For this listing, the lines between the one holding "Pedestal table chessboard" and the one holding "Savin 3699, 9980", inclusive, must be set down exactly.

=== Data records ===
Start of Block

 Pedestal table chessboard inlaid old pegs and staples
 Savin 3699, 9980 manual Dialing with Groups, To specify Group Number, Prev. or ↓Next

End of Block
Start of Block

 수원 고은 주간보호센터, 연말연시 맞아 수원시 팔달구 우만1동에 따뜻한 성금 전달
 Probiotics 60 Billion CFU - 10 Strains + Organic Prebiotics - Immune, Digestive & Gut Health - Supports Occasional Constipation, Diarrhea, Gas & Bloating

End of Block
Start of Block

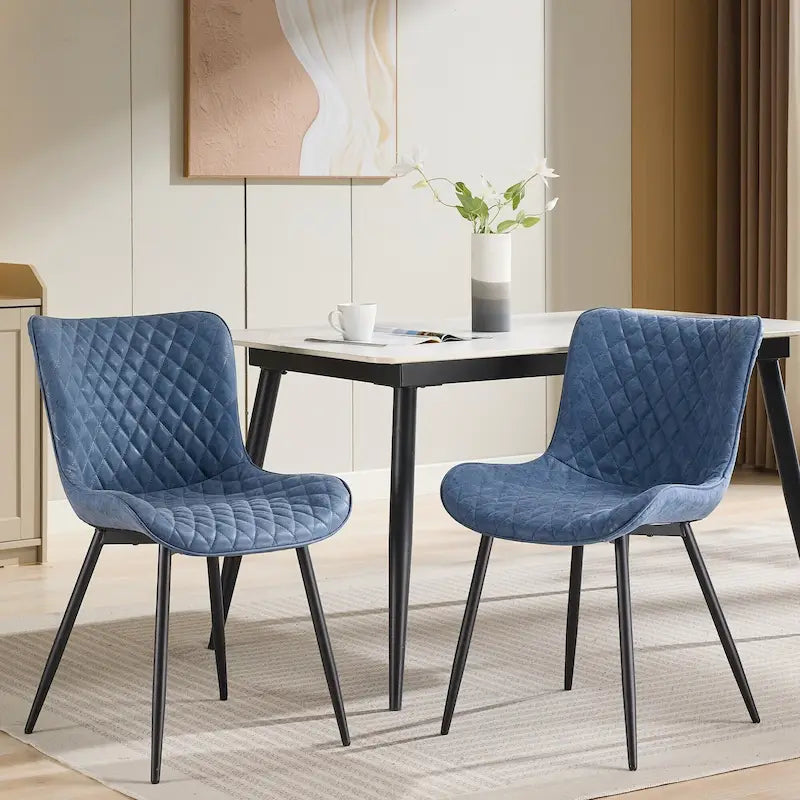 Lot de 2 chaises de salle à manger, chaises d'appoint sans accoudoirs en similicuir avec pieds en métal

End of Block

=== Answer section ===
 Pedestal table chessboard inlaid old pegs and staples
 Savin 3699, 9980 manual Dialing with Groups, To specify Group Number, Prev. or ↓Next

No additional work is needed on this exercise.